Creativity’s ability to generate (r)evolution is awe-inspiring to me.

I love to learn about it, practice it, and share it.

I’m a Creatologist, which means I spend most of my time researching creativity, integrating and documenting the patterns I find in its phenomenal nature and power.

The main reason I do this is because I want to learn how to help the world to heal its need for taking, and to see increasing social and ecological justice, at the very least, for the sake of our kids… to CREATE a little more heaven on earth.

I’m a red-haired and freckled middle-aged, neuro-divergent nerd and creative… a researcher / educator / artist / designer… a “bohemian forest fairy” and skirt-loving Celt who adores her family and community, and who hermits amongst second-hand furniture that’s rich in story in a hand-made church-like home in a forest on a mountaintop.

I love seeing people shining from the inside out, working with others to co-create ideas, and I would love to live in village with nature-loving creatives and (r)evolutionaries.

My qualifications include:

  • Master of Sustainability and Social Change (inquiry: creativity)
  • Post-Graduate Diploma in Educational Studies (curriculum development)
  • Graduate Diploma of Integrative and Transformative Studies
  • Graduate Diploma of Education (vision impairment)
  • Graduate Certificate of Integrative and Transformative Studies
  • Diploma of Professional Photography
  • Diploma of Primary Teaching (creative arts)
  • Certificate IV Small Business Management.

My professional experience includes:

  • ongoing research in creativity
  • foundation of the School of Creatology
  • creation of the Creatology Curriculum ‘SHiNE’
  • foundation of a creative primary school
  • foundation of its not-for-profit company
  • foundation of creative preschool and home-school programs
  • co-creation of a specialist primary school
  • photographic biz, portraiture of children with disabilities
  • 15 years education and educational consultancy for the blind and vision impaired

My two main professional goals are:

  1. for Creatology to be incorporated into mainstream school curricula for our Year 9 and 10 teens (15 and 16 year olds) within 5 years,
  2. to build more creative primary and secondary schools world-wide.

My dream goal is:

to design and create physical Creatopia Villages

(arts-eco style)

where people from school groups to organisations

can experience, learn about, and expand their

creative natures and power.

A little about me as a self-doubting young adult. 

I daydreamed, a lot!

I was told that I am, “airy-fairy, unrealistic, idealistic, naive, inexperienced, too esoteric, wear rose-coloured glasses, and

live in the clouds of la-la land”.

I love Lala Land.

The last time someone said to me, “You know what your problem is?

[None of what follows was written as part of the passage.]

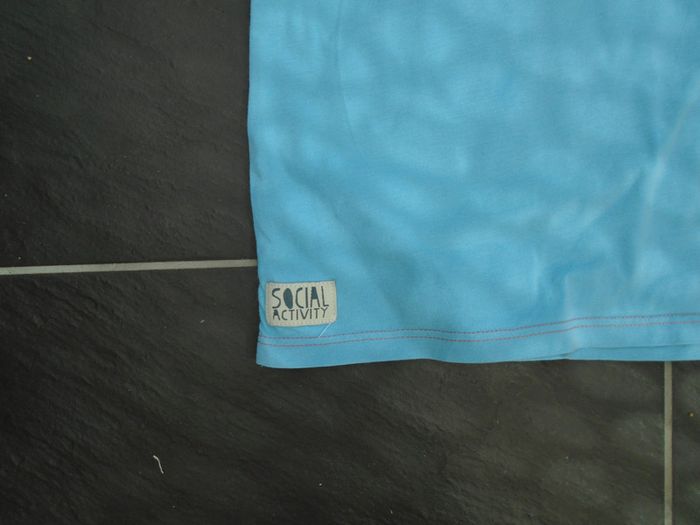 Joli tee-shirt bleu garçon 8 ans - photo numéro 3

You’re a dreamer. I’m a realist” was in 2008. I was 39.

I had not stood up for myself until this day. I was a very socially-anxious wall-flower.

Anyway, I told him I believed realists are ignorant.

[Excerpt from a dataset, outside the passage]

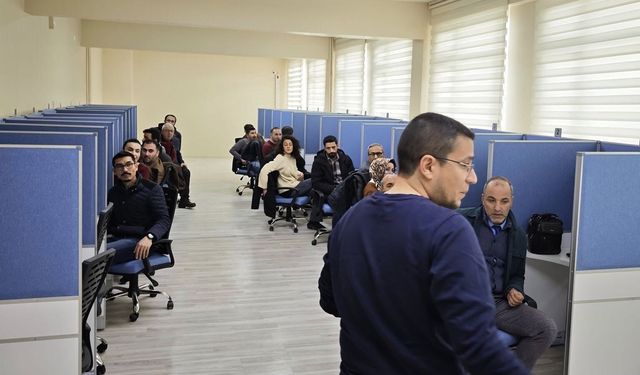 İlçede öğretmenlere e-Sınav eğitimi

I’m not sure I meant that exactly, but I needed a quick way of saying that maybe some realists ignored an aspect of life that holds a great deal of value.

Rather than feeling the shame that I think these comments were designed to create,

I was proud to be these things!

We need more dreamers in the world. Just ask John Lennon.

As a child, my daydreaming time was musically-inspired contemplative time, Zen time, zone-out time, ‘not-thinking-about-someone-else’s-thinking-other-than-my-own-thinking’ time.

It was space to imagine and temporarily return to the 12thD world that felt much more like home…

of village, of tribe, of music around the fire pit, hand-built houses and hand-made jewellery, dancing, playing games, forest pathways, no money, wilderness around us, and a love that seemed to transcend our society’s expression of it.

As a teen, lots of rebellion was going on within me.

I was suffocating with unexpressed argument, self-consciousness, and self-doubt, and was always socially shying away.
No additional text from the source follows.